- [Provided data]:
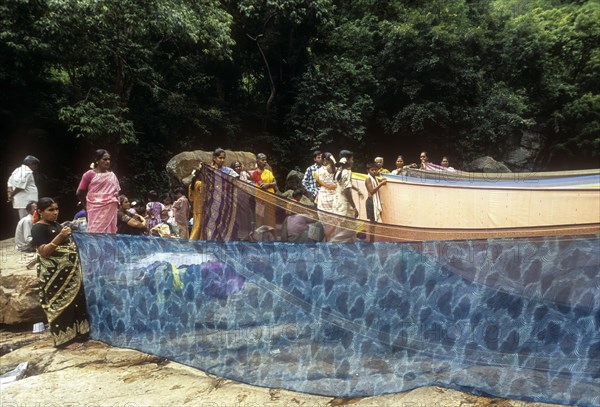 Women drying sarees after bathing River Cauvery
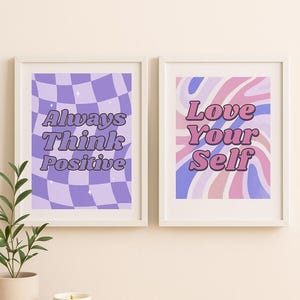 May include: Two framed art prints with positive affirmations. One features a purple checkered pattern with the text "Always Think Positive." The other has a wavy design in pink, blue, and purple, with the words "Love Your Self."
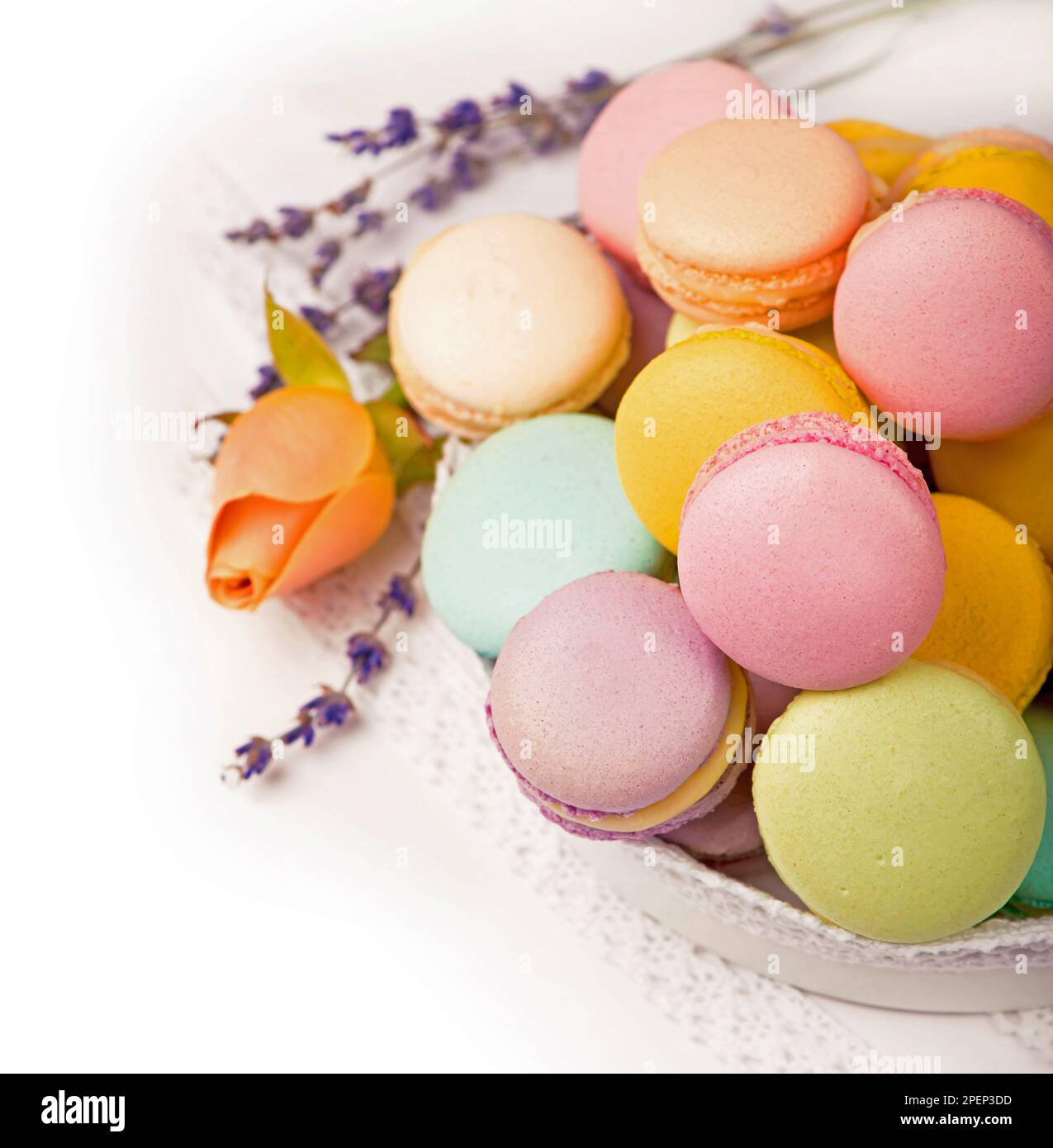 Colorful macaroons in a gift box on a white table Stock Photo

- [Exercise]:
Everything from the line with "May include: Two" through the final line of the material is to be returned exactly, both ends included, apart from the pictures.

- [Task solution]:
 May include: Two framed art prints with positive affirmations. One features a purple checkered pattern with the text "Always Think Positive." The other has a wavy design in pink, blue, and purple, with the words "Love Your Self."
 Colorful macaroons in a gift box on a white table Stock Photo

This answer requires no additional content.